Dalmia Bharat Sugar genehmigt Zuckerprojekt für 132 Millionen $ in Tansania
Dalmia Bharat Sugar hat sein erstes großes internationales Zuckerprojekt genehmigt: einen integrierten Betrieb in Tansania mit Investitionen von mehr als ₹1.100 Crore. Der indische Hersteller hält 51%, Symphony Global LLC übernimmt 49%.
Indischer Zuckerproduzent expandiert nach Tansania
Dalmia Bharat Sugar hat ein integriertes Zuckerprojekt in Tansania mit geplanten Investitionen von 132 Millionen $, entsprechend mehr als ₹1.100 Crore, genehmigt, berichtet Jagran. Es ist das erste große internationale Projekt des indischen Zuckerproduzenten und erweitert seine Fertigungsbasis über Indien hinaus.
Das Projekt erstreckt sich über 10.000 Hektar in Tansania. Umgesetzt wird es durch Eagle Agrotech Tanzania Ltd, eine Tochtergesellschaft von Eagle Agrotech Holdings Ltd. Landwirtschaftliche Flächen, Zuckerproduktion und die gemeinsame Projektgesellschaft bilden den Kern der Auslandsexpansion von Dalmia Bharat Sugar.
Dalmia Bharat Sugar zählt zu den großen Zuckerproduzenten Indiens. Das Vorhaben verschafft dem Unternehmen einen Produktionsstandort in Afrika, statt ausschließlich auf Kapazitäten in Indien zu setzen. Für Zuckerhändler und industrielle Abnehmer könnte langfristig eine zusätzliche Bezugsquelle entstehen. Angaben zu Produktionskapazität, Bauzeitplan und erwartetem Exportvolumen fehlen jedoch.
Dalmia Bharat Sugar übernimmt die Kontrolle
Dalmia Bharat Sugar wird 51% an Eagle Agrotech Tanzania Ltd halten. Die übrigen 49% übernimmt Symphony Global LLC, die Investmentgesellschaft des emiratischen Unternehmers Mohammed Ali Rashid Alabbar. Damit behält Dalmia Bharat Sugar die Kontrolle, während ein bedeutender Partner aus Dubai beteiligt ist.

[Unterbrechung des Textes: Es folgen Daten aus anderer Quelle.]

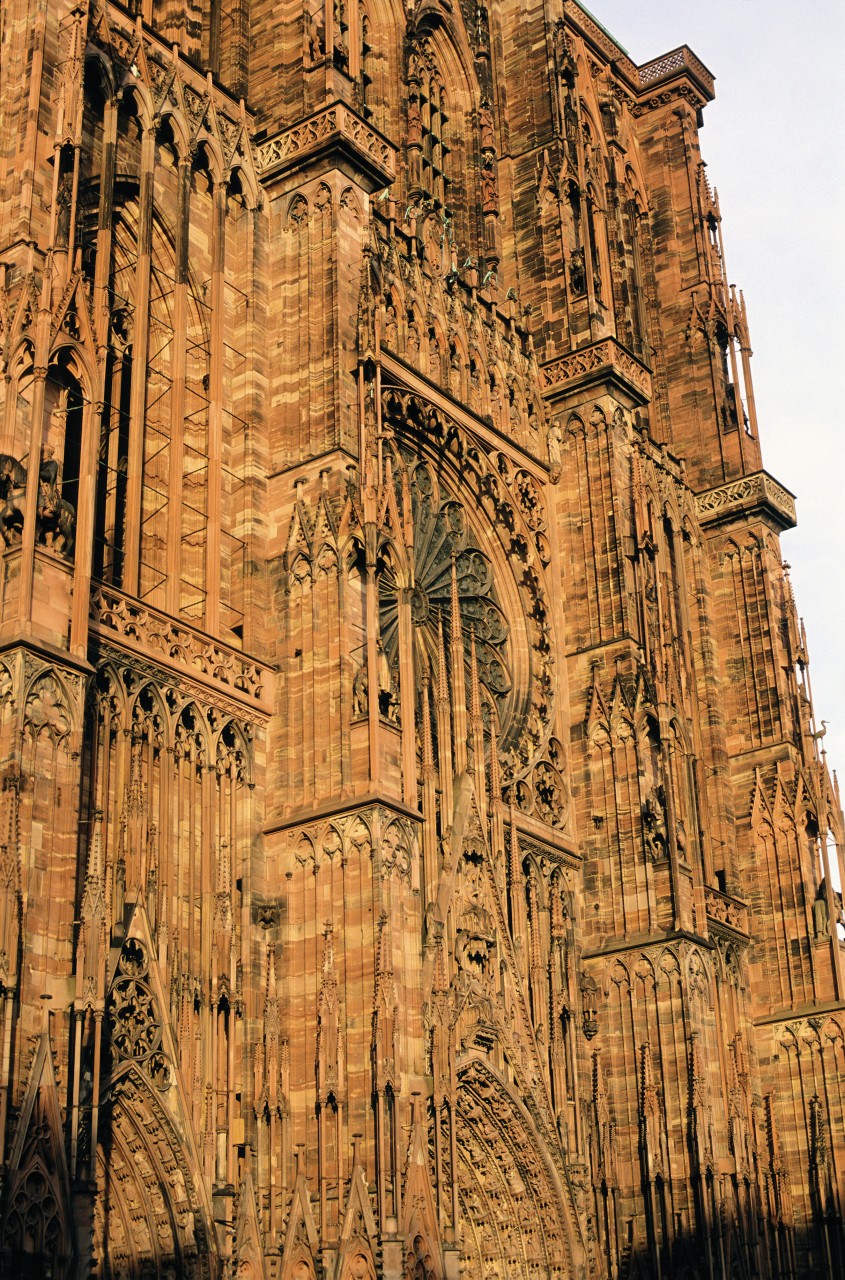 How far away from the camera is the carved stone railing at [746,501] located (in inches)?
1577

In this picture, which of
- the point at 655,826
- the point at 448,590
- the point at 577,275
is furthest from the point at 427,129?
the point at 655,826

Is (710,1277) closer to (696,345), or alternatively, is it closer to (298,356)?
(298,356)

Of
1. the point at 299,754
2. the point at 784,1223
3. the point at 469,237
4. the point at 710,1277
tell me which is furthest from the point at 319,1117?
the point at 469,237

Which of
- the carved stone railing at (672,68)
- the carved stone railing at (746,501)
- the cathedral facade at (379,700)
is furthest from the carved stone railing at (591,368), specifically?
the carved stone railing at (672,68)

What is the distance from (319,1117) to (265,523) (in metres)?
8.76

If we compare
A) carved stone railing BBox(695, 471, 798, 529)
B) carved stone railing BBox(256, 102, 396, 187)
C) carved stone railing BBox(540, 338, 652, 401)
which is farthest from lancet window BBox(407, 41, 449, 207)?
carved stone railing BBox(695, 471, 798, 529)

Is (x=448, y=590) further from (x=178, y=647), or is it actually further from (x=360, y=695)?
(x=178, y=647)

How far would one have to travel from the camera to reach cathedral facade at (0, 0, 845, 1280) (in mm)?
21828

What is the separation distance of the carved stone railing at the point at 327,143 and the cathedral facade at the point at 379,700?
0.28 feet

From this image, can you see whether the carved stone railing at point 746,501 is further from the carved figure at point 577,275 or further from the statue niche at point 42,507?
the statue niche at point 42,507

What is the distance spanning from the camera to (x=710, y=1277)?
28.5 metres

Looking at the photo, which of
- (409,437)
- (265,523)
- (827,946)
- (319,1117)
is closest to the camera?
(319,1117)

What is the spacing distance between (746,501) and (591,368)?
6.03 m

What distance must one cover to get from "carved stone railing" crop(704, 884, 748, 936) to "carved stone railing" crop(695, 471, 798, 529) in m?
8.93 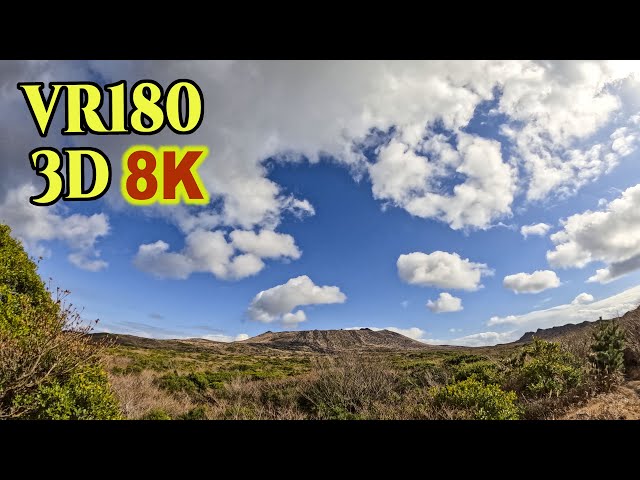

Das Unternehmen legte die Investition in einer Börsenmitteilung offen, so Jagran. Das Projekt verbindet indische Erfahrung in der Zuckerindustrie mit Kapital aus den VAE und einem physischen Standort in Tansania. Damit sind drei wirtschaftlich relevante Märkte beteiligt: Indien als Heimat des kontrollierenden Produzenten, die VAE als Basis des Partners und Tansania als Standort für Anbau und Verarbeitung.
Der vorliegende Bericht nennt weder den Finanzierungsmix noch den Termin der Inbetriebnahme oder die Verteilung der Investitionen auf Landwirtschaft und Verarbeitung. Ohne diese Angaben lässt sich nicht beurteilen, wann das Projekt das regionale Zuckerangebot, die Importnachfrage oder den Exportwettbewerb beeinflussen könnte.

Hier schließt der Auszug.